If you get out a map of Maine and draw a straight line from Bangor to Augusta, then a perpendicular line from Pittsfield to Belfast, the intersection of the resulting cross lands not far from my house in Troy. In the woods, I mean. You can’t see the house from the road.
I landed in Waldo County nearly 30 years ago. I had lived most of my life in and near Portland with a side year in Orono, a couple of academic years in upstate New York, and visits to places like New York City, Denver, London, Athens (Greece), plus I got lost once on the creepy ancient back roads of western Ireland and had done a good deal of camping in Oxford and Franklin counties with my outdoorsman friend Phil Poirier, who now lives in Farmington. I felt like I had a handle on the difference between urban and rural.
When I got to Unity, it seemed like the edge of the wilderness. No matter where you live, your eye has filtering habits. For example, when was the last time you remember seeing telephone wires — even though they drape practically every road you travel? Your eye filters them out. When you live in the country, your eyes filter out trees because they’re everywhere. Around a city, your eye filters out buildings because, like trees in the country, they’re simply everywhere. When you travel from home in the city to a rural area, your eye continues to filter out buildings, suggesting that the rural landscape is pretty sparsely settled. For all practical purposes, to your eye, no one’s home. Even though Unity’s population has been in the neighborhood of 1,200 to 2,000 people for decades. Even after I settled into Unity, Troy next door seemed like the wilderness between Unity village and Dixmont corner on the way to Bangor. Troy’s population in 2010 reached 1,000.

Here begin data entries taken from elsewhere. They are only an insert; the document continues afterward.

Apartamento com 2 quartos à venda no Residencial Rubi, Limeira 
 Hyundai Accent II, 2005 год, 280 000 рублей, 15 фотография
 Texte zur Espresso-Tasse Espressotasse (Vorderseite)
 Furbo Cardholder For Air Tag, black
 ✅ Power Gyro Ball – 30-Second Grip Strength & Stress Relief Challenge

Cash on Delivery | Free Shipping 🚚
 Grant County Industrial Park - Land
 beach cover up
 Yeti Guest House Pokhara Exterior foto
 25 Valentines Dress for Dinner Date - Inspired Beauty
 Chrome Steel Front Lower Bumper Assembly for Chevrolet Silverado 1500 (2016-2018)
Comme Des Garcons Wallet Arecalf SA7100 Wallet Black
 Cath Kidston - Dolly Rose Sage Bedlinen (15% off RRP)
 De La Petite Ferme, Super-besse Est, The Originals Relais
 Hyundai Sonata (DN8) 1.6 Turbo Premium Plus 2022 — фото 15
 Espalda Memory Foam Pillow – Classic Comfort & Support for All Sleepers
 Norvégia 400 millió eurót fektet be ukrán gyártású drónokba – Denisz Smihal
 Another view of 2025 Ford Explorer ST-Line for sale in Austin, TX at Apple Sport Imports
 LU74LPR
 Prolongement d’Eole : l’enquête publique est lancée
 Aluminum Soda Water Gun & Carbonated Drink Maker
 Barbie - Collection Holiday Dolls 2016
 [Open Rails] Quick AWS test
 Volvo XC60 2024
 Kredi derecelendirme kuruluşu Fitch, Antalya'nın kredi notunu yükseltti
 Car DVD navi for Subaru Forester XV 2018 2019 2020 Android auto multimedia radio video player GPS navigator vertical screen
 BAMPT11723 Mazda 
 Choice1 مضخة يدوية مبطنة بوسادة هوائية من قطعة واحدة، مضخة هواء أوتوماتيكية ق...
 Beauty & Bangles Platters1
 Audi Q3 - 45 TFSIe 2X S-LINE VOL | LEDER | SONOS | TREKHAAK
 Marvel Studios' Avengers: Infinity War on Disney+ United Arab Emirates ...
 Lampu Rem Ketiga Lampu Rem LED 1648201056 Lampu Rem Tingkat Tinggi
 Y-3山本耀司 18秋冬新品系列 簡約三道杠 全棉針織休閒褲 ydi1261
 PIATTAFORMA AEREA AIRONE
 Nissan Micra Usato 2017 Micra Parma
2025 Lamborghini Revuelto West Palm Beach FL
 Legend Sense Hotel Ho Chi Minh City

Maybe that was part of what was going on when around 1989 state officials got the bright idea of creating a dump for low-level nuclear waste in the Unity wetlands. To the 2,000 or so people who lived there, including me at the time, it just seemed insane. Who in their right mind would propose to dump radioactive waste — no matter how low-level — into a holding tank in a wetland surrounded by thousands of homes, businesses and (key term) people? About halfway into the public-input meetings, I realized what was going on: They were seeing the landscape through the same filter I saw it when I first arrived from Portland. While the rural dwellers saw homes, businesses, trees and people practically everywhere, the urban dwellers saw trees and not much else. To them, no one lived here to speak of. Perfect place for a dump.
Luckily, the people who could see the buildings and people prevailed, and Unity did not become a nuclear waste receptacle.
So what am I driving at here? There’s a big difference between the country and the city, which amounts, really, to differences in perception, which is to say, states of mind. OK. But further, there’s a difference between the country and the wilderness.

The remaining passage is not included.